Words by Jane Rusli Art by Laura Aitken
The standard Asian-Australian childhood.
I had an obsession with Steve Irwin, bought packs over packs of Scoobies at the local warehouse, read all of the Total Girl issues behind mum’s back, and felt the epitome of boss when I wore that paper crown in one of my many long-forgotten, Hungry Jack’s birthday parties.
Come third grade, my parents informed me that the family was to relocate to Indonesia. As a nine-year-old who has yet to develop her sense of self, the process was easy. I attended an international school that was highly Americanised and integrated into the Indonesian culture with ease. Aside from the stereotypical high school drama, humidity and four-hour long traffic jams? Growing up in Indonesia was pretty mint.
Then came high school graduation, and my family relocated back to Melbourne. Safe to say I wouldn’t be re-living my Aussie memories during my uni years. It was a silver-lining between eager enthusiasm and restless anxiety. Though I hold an Australian passport, I was more Indonesianised than I was ever Australianised.
Heck, it’s been 2 years and I still feel like a tourist. Being nearly 150CM tall, with a whole lot of neurosis, the thought of relocating back to a foreign country populated with tall, white humans? I mean, pretty nerve-wracking. Hazy memories of primary school playgrounds and birthday girl crowns were long gone. Beyond the excitement of starting university, moving to a new country, and living that coffee-filled, brunch-aesthetic Melburnian life, questions regarding fitting-in, adapting, acceptance, and finding friends surfaced.

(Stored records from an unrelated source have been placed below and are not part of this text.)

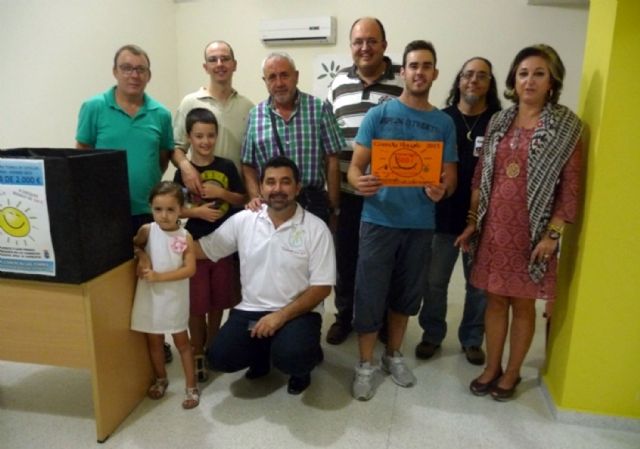 El Área Comercial Las Torres entrega los 2.000 euros de su campaña de verano - 1, Foto 1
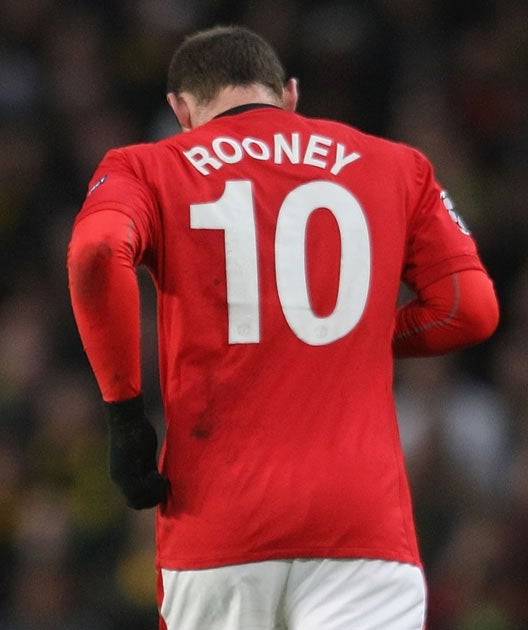 Rooney does not feel footballers deserve a knighthood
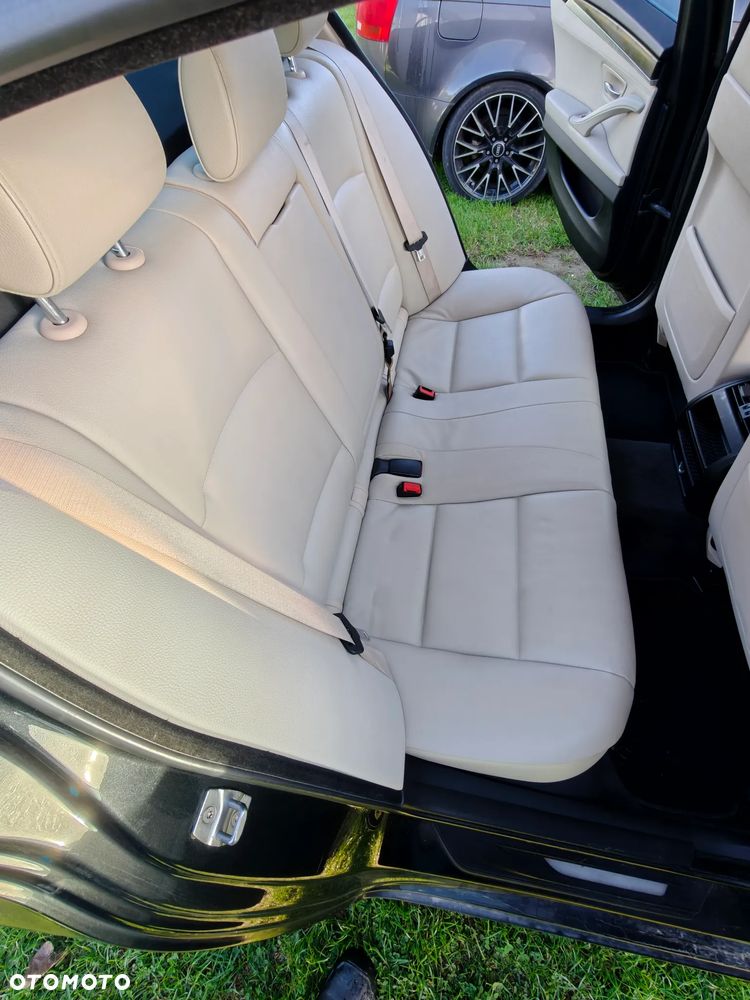 BMW Seria 5 520d xDrive - 17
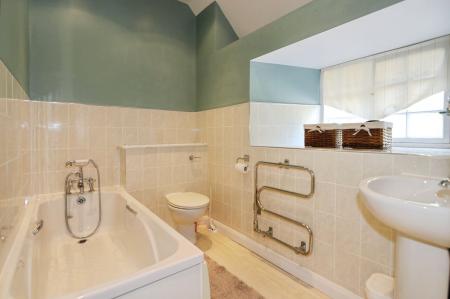 7 bedroom Character Property for sale in Main Street, King's Newton, DE73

For a period of three months, the only people I knew were my family, family friends, and a handful of mates from Indonesia. As a means of finding friends, I started my first job in McDonalds, quickly realising that I couldn’t relate to any of my workmates. My mindset and theirs were too different and I couldn’t fit in. It also didn’t help that I was the only Asian in the chain. My motivation for university plummeted as I began feeling lonely and isolated. I was homesick and longed for the way life was back in Indonesia.
Public transport, working, and the concept of individual accountability were foreign to me. However, as time passed, I made friends through university and work. The process was slow, but learning about, and adopting the practices and culture was a vital factor in adapting to the Australian culture.
Most of my close mates are international students, and it is evident that they face more issues than just socio-cultural adjustment
“I recently obtained my master’s degree in management and accounting and received a full-time job offer from ANZ. The issue was I needed a Temporary Student Visa to take the job. After spending $1600 on a visa fee that was non-refundable, my application was rejected since my degree was not a ‘two years program.’ I had to pack my bags and leave Australia within a month”. Siga (26) is one of the many international students who struggle with visas.
To continue living in Australia, he has taken a total of three masters degree courses, and is now enrolling into an immigration major in IT. “It’s the only way I could apply for a job in Australia,” he said. Visa problems plague foreign students. Students who spend years studying with the intention to work in Australia, are faced with volatile visa laws, and strict rules such that the 485 Temporary Graduate Visa, which is only applicable to those who entered the country before November 2011. “It’s not fair. I paid the fees applicable for international students and dedicated six years of studying in Australia. Suddenly I’m expected to leave the country?”
Aside from having to compete with local students, many international students are discriminated against due to their lack of English knowledge. “It’s normal to be told to go back to my country,” said Jacqui (30). Most international students are not familiar with work rights as there is no formal education about fair work, and they are vulnerable to exploitation in the labour market. Many businesses take advantage of this, resulting in students being underpaid, or working beyond legal working hours.
Living Costs & Accommodation
Upon arriving in Australia, many international students are shocked by the high living costs. They do not get discounts on public transport, Youth Allowance, and health insurance like local students. Accommodation and daily living becomes a challenge and many international students look for casual work to make ends meet.
That being said, finding and securing accommodation is difficult. Coco, a Monash graduate has moved a total of ten times in the seven years she has lived in Melbourne. “There was always an issue with the rent, the lease, the contractor, or the tenant. I’m always living with the fear of going homeless. Moving houses is tiring. I just want a place to call home,” said Coco (26). Securing accommodation before landing in Australia is difficult, as Australian universities provide students with little or no housing options.